**YOUR OBJECTIVE**
After finding the line with "foto 4 Hitachi" in the entries below, copy that line and each one after it exactly, through the last line, and omit pictures.

Short text fragments from websites
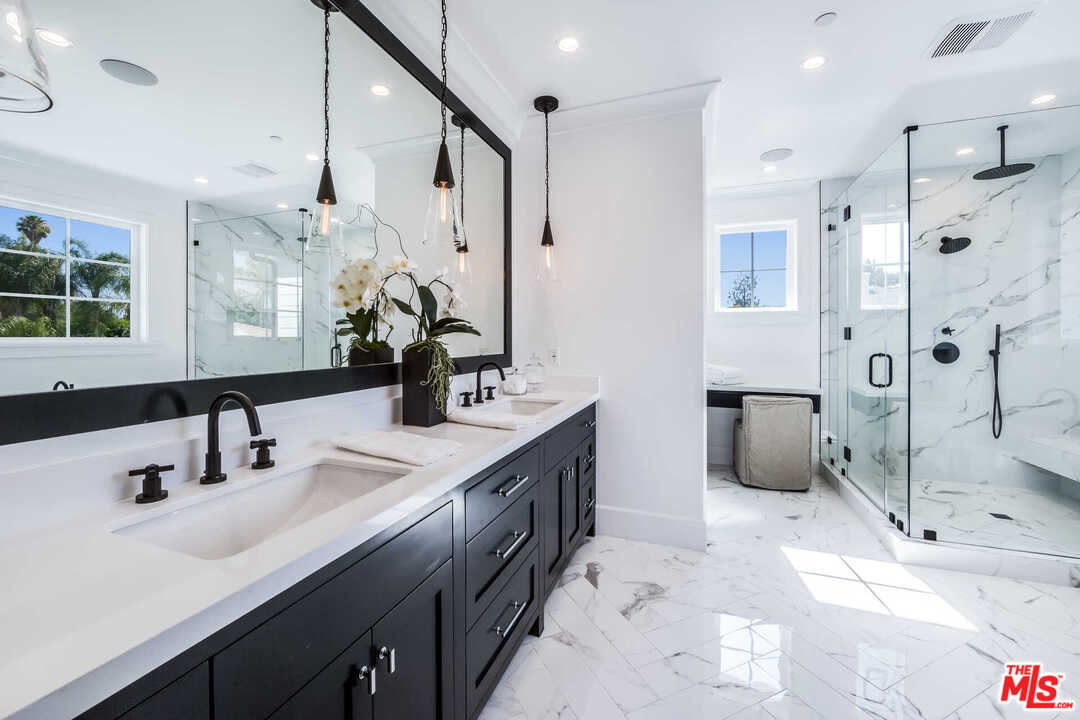 15741 Addison Street Encino, CA 91436 - Photo 9 of 20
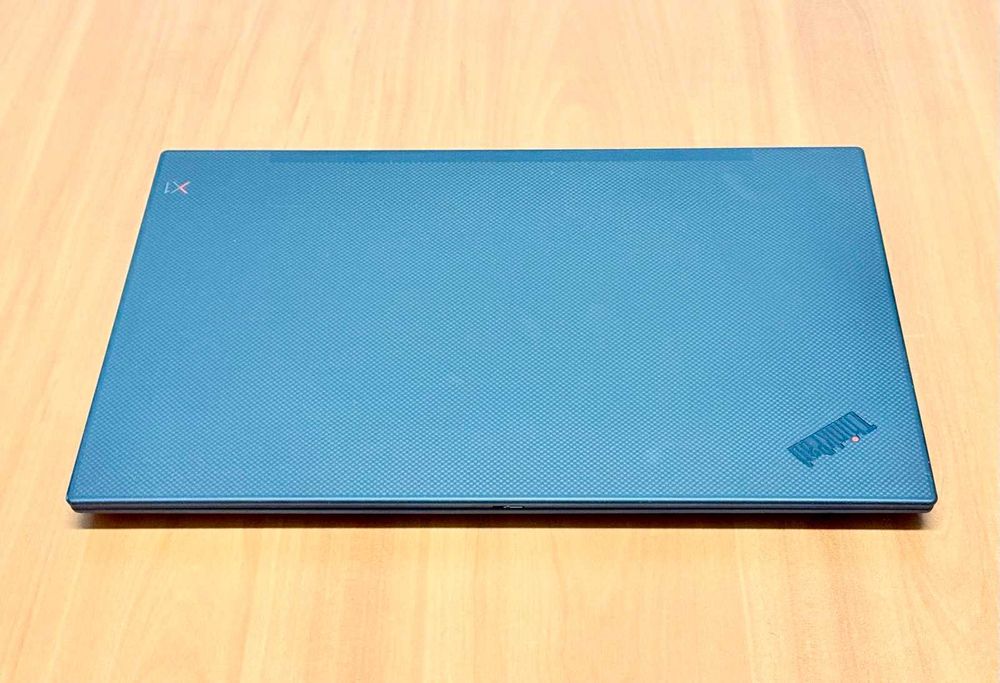 ThinkPad X1 Extreme G3 / i7-10850H / 32GB / GTX1650Ti / 4K OLED Touch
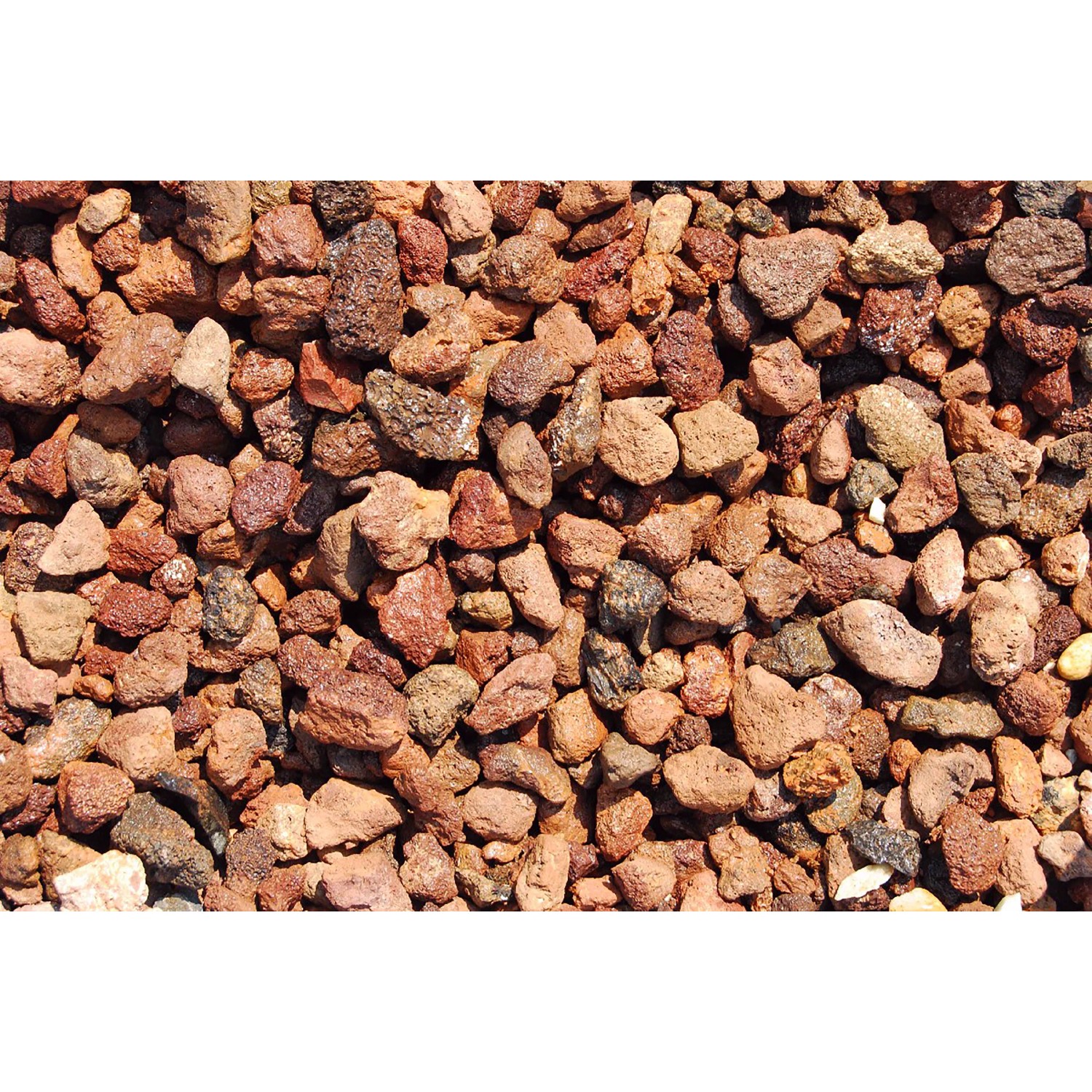 Nahaufnahme von braunem Lavamulch (8-25 mm) als Zierkies, geeignet für Gartenwege und Steingärten.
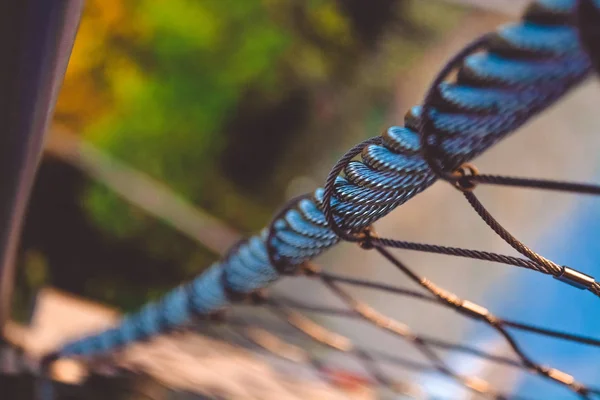 Cables Metálicos Rejilla Cuerdas Arneses Cerca Cable Montar Tejiendo Cuadrícula — Foto de Stock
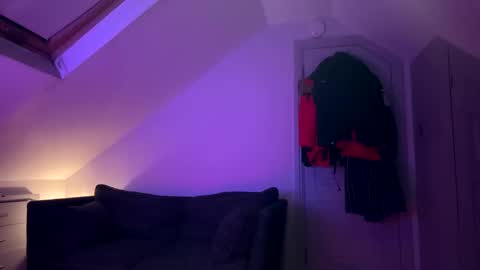 Cheekylondon online show from 12.04.24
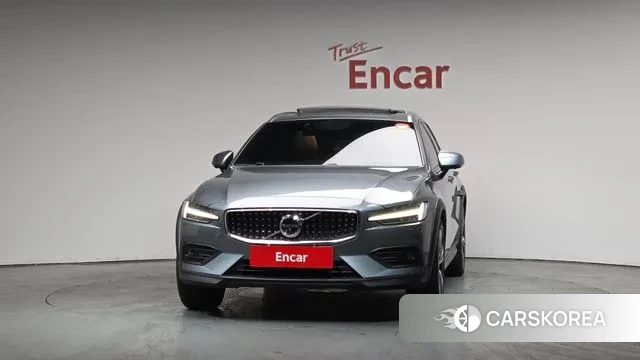 Volvo V60 Cross-Country 2nd Generation id 3697592 из Кореи 13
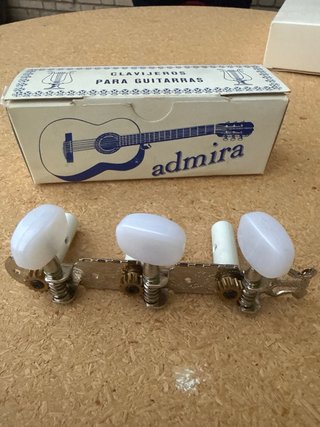 Clavijeros para guitarra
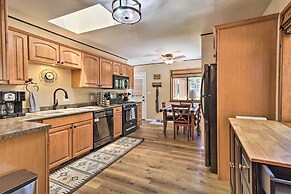 Fireplace, Deck & Grill: Pinetop Cabin Rental!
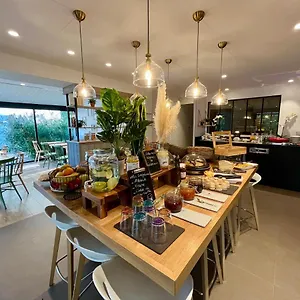 Campanile Centre Sortie 21 Sur A7 A9 Hotel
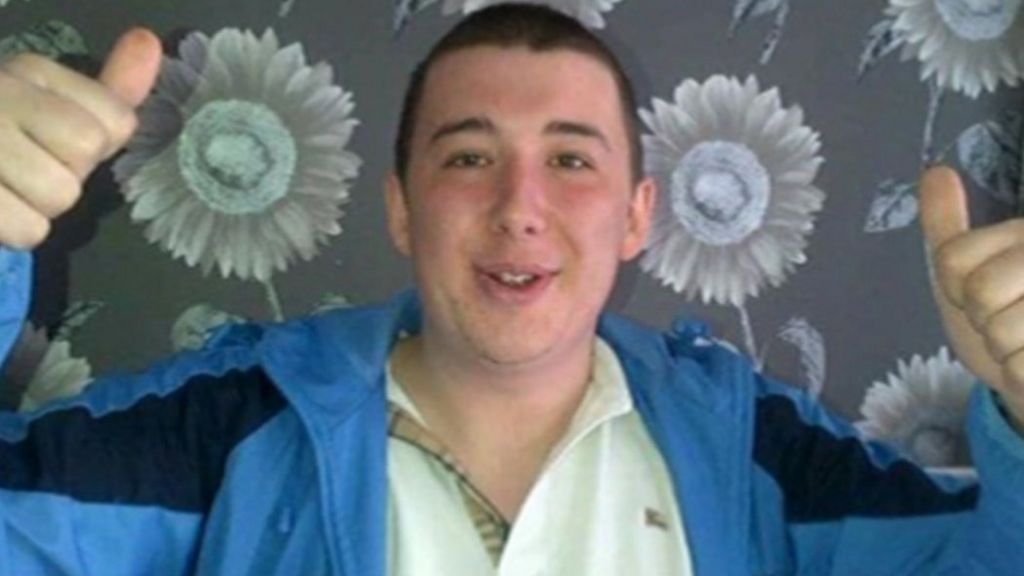 Lee Irving 'exploited', mother tells murder trial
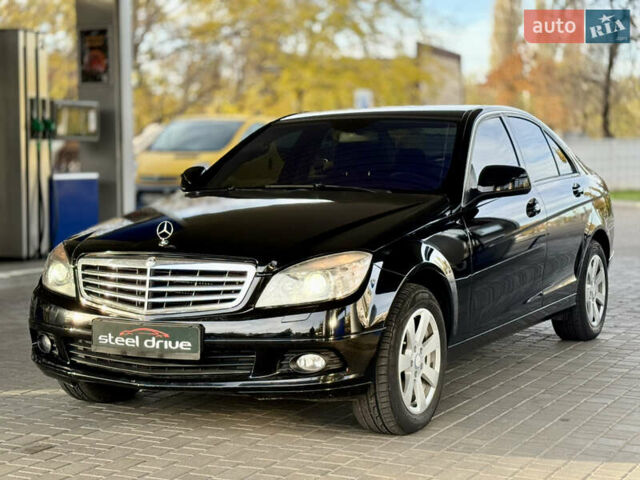Чорний Мерседес Ц-Клас, об'ємом двигуна 1.8 л та пробігом 156 тис. км за 9499 $, фото 1 на Automoto.ua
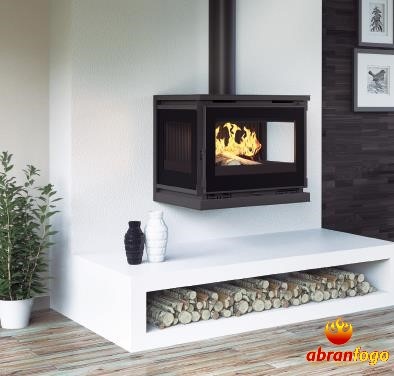 Lareira suspensa preta com vidro e bancada branca com troncos de madeira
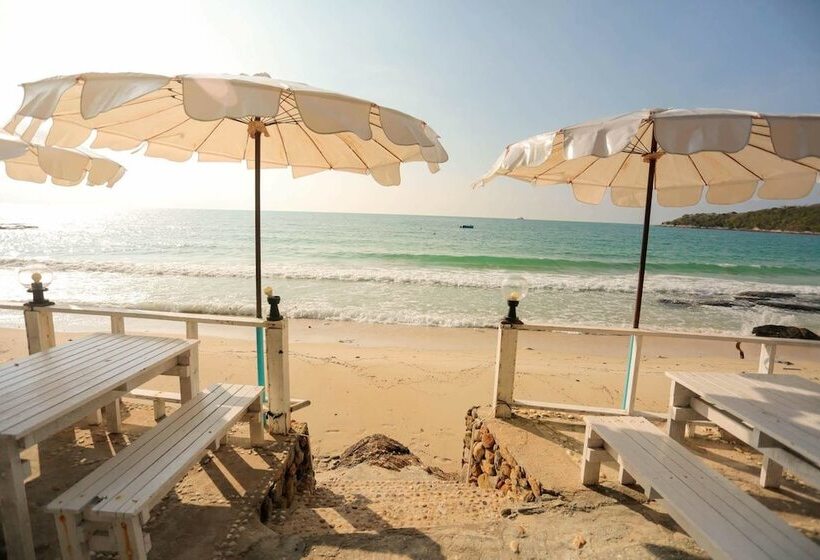 בית מלון כפרי Sangthian Beach Resort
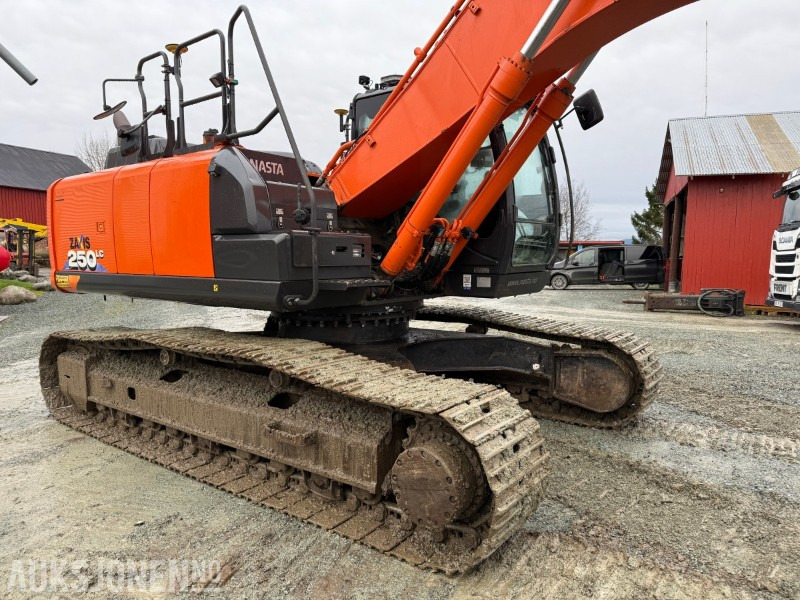 Hitachi ZX250 LC-6 EC223, GPS, Sentralsmøring, 2 skuffer, LED - Escavatore: foto 4 Hitachi ZX250 LC-6 EC223, GPS, Sentralsmøring, 2 skuffer, LED - Escavatore: foto 4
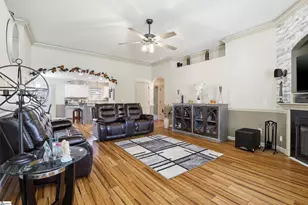 870 Vandenburg Dr, Boiling Springs, SC 29316 - Photo 5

**RESPONSE**
 Hitachi ZX250 LC-6 EC223, GPS, Sentralsmøring, 2 skuffer, LED - Escavatore: foto 4 Hitachi ZX250 LC-6 EC223, GPS, Sentralsmøring, 2 skuffer, LED - Escavatore: foto 4
 870 Vandenburg Dr, Boiling Springs, SC 29316 - Photo 5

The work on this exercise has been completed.